A Parigi presero a chiamarlo Modì, sulla scia del suono della pronuncia francese del termine maudit che sulle prime ha l’aria di un diminutivo vezzeggiante ma va invece interpretato nella sua traduzione dalla lingua cugina con il termine: maledetto.
Un chiaro segnale quello della vivacità culturale parigina del tempo che proietta l’artista livornese tra quella schiera di artisti che per la cultura francese sono da considerarsi d’avanguardia, tanto da annoverarlo tra i maledetti.
Ma questo fervente clima culturale in cui egli vive, come molti altri, fra tutti Picasso, non lo convincerà mai a trasformarsi, attraverso l’adesione a nessun movimento d’avanguardia, poiché magistralmente, l’artista livornese, pur vivendo una realtà culturalmente coinvolgente, riuscì a rimanere se stesso, nell’originalità del suo linguaggio artistico, rendendo così unica quell’italianità che ha sempre caratterizzato le sue opere.
Produzione artistica che a quanto sembra non ha altri esempi al mondo, almeno tra i pittori moderni, di una sistematica rappresentazione solamente di figure solitarie.
Probabilmente a voler significare l’essere di fronte a se stessi in un acceso confronto a tu per tu con il prossimo o il proprio ego, negli incontri concordati o occasionali preparati dal destino, nel suo essere pianificatore di eventi casuali ai quali ogni uomo deve sottostare.
Modigliani protagonista ma a modo suo
Il Modigliani artista trova a Parigi il centro della vita culturale europea di quegli anni, la cui vivacità culturale sembra la più giusta, proponendo un ambiente culturale ricco di spunti per artisti e letterati.

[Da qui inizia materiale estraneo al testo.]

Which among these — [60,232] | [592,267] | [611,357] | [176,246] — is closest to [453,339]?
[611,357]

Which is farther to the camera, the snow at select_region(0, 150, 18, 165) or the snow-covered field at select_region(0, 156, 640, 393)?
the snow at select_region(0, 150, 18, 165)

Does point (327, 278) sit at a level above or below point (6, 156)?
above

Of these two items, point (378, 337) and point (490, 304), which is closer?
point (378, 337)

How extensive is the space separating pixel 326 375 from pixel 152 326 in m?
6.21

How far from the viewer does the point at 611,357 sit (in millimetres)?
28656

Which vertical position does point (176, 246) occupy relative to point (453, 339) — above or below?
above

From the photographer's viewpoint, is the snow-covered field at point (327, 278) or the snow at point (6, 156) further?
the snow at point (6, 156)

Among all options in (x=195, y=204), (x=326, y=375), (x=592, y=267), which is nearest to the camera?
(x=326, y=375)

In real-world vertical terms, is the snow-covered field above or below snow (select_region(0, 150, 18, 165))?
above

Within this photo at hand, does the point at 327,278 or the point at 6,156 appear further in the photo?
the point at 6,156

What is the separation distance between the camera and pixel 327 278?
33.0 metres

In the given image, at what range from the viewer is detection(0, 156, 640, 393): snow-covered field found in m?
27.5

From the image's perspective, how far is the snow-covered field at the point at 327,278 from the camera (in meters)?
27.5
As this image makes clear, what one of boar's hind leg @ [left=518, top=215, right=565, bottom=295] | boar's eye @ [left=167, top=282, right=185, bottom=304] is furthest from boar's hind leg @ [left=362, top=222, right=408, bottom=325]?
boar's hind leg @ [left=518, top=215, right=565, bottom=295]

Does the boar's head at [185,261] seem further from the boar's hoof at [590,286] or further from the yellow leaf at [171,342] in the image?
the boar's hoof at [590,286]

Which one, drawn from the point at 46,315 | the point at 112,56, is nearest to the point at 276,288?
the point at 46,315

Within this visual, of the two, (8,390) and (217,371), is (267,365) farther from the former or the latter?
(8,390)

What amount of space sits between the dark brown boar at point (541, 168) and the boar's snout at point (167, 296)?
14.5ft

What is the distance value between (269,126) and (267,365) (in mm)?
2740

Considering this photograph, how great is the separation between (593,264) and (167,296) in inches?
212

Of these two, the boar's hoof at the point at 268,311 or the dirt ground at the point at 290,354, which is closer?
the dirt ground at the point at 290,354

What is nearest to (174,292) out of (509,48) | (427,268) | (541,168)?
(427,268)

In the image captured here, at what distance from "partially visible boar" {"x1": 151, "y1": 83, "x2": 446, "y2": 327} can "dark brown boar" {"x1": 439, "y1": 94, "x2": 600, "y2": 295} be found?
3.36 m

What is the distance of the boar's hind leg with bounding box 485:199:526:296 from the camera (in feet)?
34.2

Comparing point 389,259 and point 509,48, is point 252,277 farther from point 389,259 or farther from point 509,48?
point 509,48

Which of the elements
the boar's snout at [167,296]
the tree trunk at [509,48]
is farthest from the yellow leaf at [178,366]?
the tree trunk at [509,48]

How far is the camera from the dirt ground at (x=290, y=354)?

Intorno alle botteghe dei mercanti d’arte si sviluppavano, nella capitale francese, le intere vicende dei pittori e scultori dell’epoca e Modigliani partecipa vivamente a questo clima culturale senza mai però rimanerne totalmente coinvolto ed in questo sta la sua grandezza artistica.
L’artista toscano diventa, nelle vie e nei salotti culturali parigini, di fatto forse anche suo malgrado, un grande protagonista del novecento e la sua eccezionalità risiede esattamente nel non essersi fatto fagocitare da nessuna corrente contemporanea, rimanendo esattamente se stesso e diventando così un prodotto della cultura italiana di rilievo internazionale, per il fatto di risiedere esattamente in quella Parigi.

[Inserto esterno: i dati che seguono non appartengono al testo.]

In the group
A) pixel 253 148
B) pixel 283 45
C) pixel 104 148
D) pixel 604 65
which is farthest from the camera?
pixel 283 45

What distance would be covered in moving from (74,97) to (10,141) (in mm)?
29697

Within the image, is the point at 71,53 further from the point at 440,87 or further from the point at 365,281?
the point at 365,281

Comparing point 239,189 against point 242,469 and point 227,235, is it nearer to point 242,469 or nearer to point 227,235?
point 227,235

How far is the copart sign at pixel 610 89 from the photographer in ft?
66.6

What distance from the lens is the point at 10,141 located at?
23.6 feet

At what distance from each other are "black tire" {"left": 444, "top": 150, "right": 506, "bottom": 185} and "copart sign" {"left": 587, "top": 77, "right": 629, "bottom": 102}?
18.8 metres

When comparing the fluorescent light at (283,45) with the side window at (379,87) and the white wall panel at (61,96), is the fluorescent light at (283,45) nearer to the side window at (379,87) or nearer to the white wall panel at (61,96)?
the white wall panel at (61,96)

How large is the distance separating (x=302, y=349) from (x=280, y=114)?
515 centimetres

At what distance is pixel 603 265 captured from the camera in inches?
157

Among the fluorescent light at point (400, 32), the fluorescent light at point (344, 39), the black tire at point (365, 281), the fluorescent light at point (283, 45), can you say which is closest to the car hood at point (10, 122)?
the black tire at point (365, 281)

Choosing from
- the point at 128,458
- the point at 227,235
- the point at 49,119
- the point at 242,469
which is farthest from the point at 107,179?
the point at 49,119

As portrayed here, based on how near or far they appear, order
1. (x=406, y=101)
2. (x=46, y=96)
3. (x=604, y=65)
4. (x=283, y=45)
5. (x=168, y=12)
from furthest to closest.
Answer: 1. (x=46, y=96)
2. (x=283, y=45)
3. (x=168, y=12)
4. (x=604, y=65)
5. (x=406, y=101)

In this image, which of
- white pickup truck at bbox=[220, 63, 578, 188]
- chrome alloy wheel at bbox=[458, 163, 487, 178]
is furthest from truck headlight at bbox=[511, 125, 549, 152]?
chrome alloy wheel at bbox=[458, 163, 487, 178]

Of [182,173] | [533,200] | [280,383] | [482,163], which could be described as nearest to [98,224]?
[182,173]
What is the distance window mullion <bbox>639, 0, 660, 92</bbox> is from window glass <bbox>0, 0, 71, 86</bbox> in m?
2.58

Arrivò nella capitale francese nel 1906 e aprì subito il suo atelier non senza fatica, dove riuscì ad esporre, nell’arco di tempo di quasi quindici anni, le sue opere in 12 mostre, di cui solamente una personale, poiché negli anni della guerra risultò organizzativamente più facile avere spazio e visibilità in mostre collettive.
Morì di tisi a soli trentasei anni, due anni dopo la fine della grande guerra.
L’ultimo romantico se ne andava lasciando dietro di sé la scia della sua irruenza, timidezza e aggressività.